- Source material -
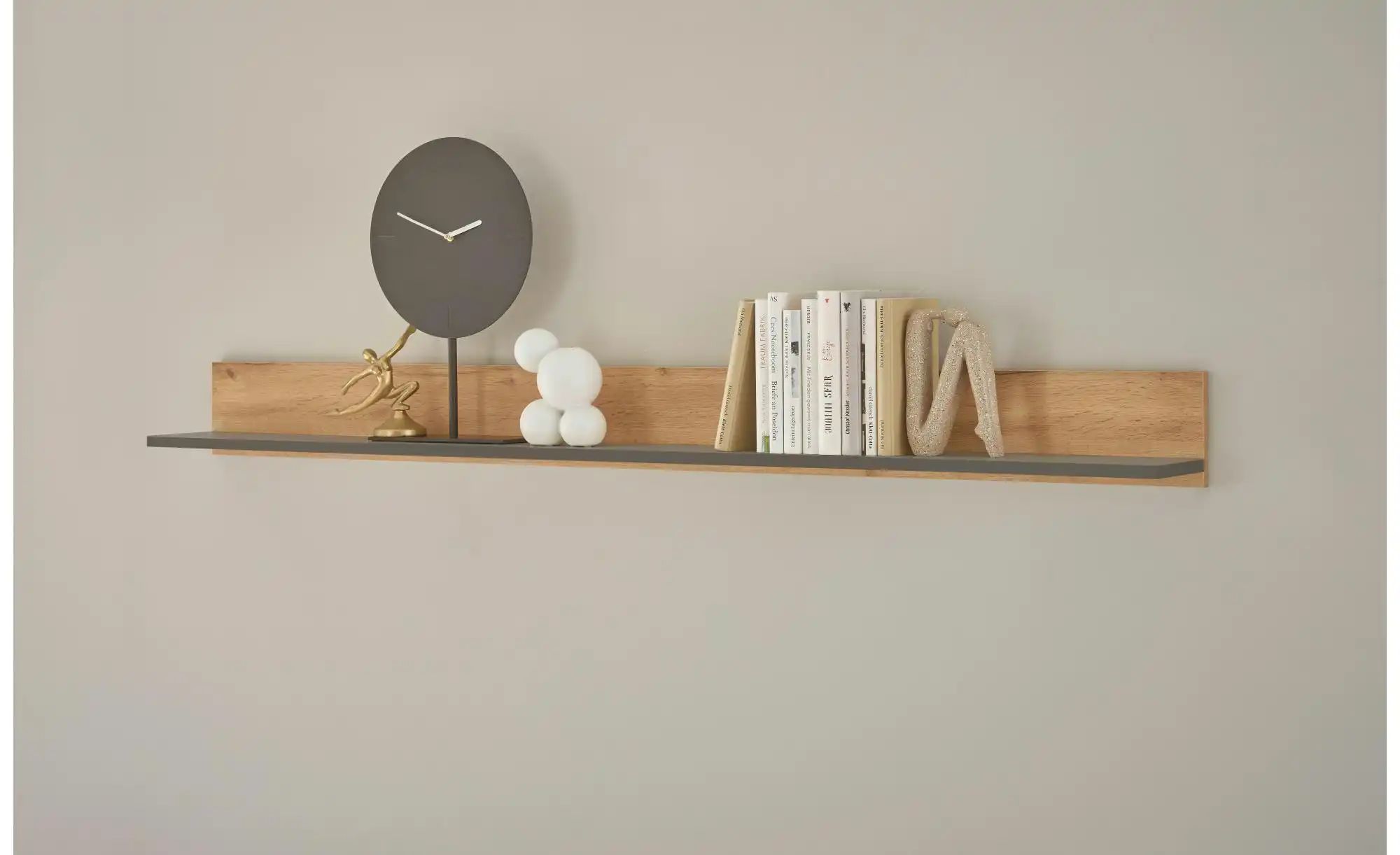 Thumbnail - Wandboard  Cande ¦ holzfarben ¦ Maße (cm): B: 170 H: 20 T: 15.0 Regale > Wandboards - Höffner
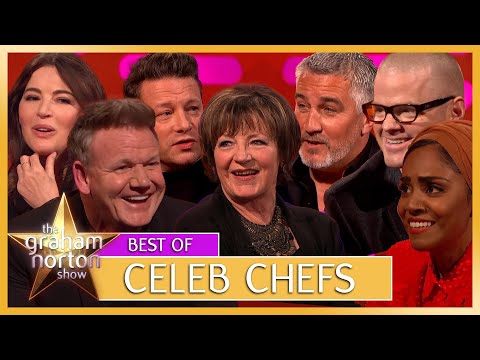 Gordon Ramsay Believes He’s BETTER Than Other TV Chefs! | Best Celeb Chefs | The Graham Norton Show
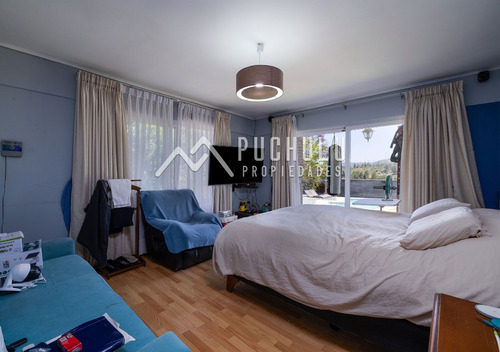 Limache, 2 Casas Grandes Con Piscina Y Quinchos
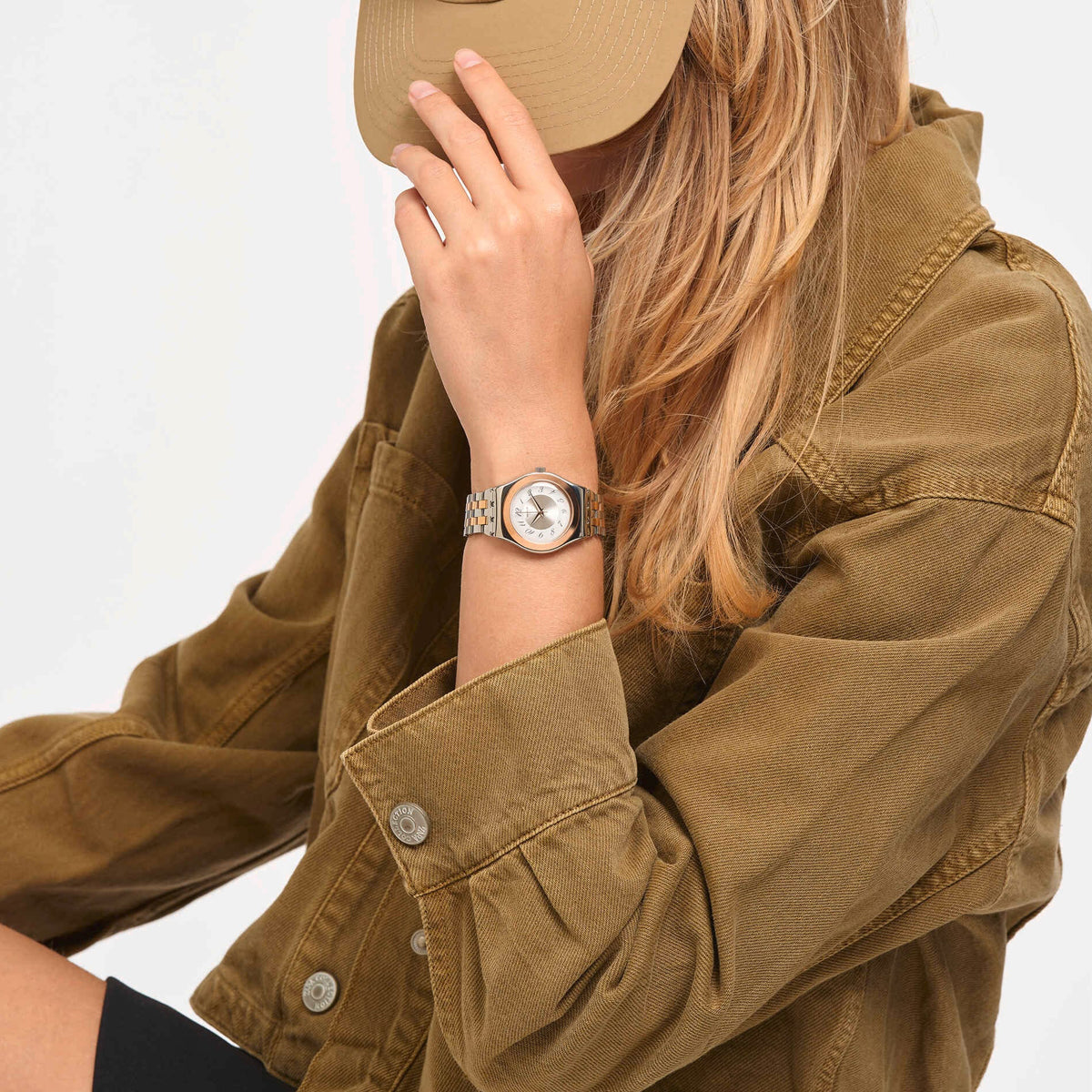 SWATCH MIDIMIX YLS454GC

- Task requirements -
Restate the full listing verbatim and drop every picture.

- Exercise output -
 Thumbnail - Wandboard  Cande ¦ holzfarben ¦ Maße (cm): B: 170 H: 20 T: 15.0 Regale > Wandboards - Höffner
 Gordon Ramsay Believes He’s BETTER Than Other TV Chefs! | Best Celeb Chefs | The Graham Norton Show
 Limache, 2 Casas Grandes Con Piscina Y Quinchos
 SWATCH MIDIMIX YLS454GC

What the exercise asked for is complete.